**EXTRACTED ENTRIES:**
*****
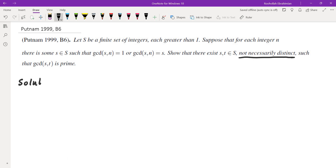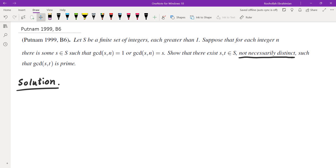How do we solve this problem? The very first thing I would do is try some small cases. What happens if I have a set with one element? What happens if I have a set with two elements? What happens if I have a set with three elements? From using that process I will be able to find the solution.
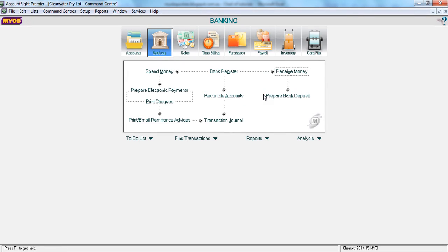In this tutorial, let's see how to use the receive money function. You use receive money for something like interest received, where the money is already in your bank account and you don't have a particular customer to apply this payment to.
*****
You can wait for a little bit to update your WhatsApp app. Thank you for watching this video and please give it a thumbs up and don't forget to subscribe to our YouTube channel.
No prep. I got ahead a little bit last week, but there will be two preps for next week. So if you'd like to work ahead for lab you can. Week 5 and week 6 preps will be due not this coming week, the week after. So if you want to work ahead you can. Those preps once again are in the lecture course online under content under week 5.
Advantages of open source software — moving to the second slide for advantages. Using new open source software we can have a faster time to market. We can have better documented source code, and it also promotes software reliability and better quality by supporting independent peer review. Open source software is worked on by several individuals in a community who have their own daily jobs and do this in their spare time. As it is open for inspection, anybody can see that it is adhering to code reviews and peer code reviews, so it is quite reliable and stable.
*****
**WHAT THE EXERCISE ASKS:**
Starting at the line above that contains "No prep. I got", repeat each line exactly up to and including the line that contains "Advantages of open", and stop there.

**EXERCISE ANSWER:**
No prep. I got ahead a little bit last week, but there will be two preps for next week. So if you'd like to work ahead for lab you can. Week 5 and week 6 preps will be due not this coming week, the week after. So if you want to work ahead you can. Those preps once again are in the lecture course online under content under week 5.
Advantages of open source software — moving to the second slide for advantages. Using new open source software we can have a faster time to market. We can have better documented source code, and it also promotes software reliability and better quality by supporting independent peer review. Open source software is worked on by several individuals in a community who have their own daily jobs and do this in their spare time. As it is open for inspection, anybody can see that it is adhering to code reviews and peer code reviews, so it is quite reliable and stable.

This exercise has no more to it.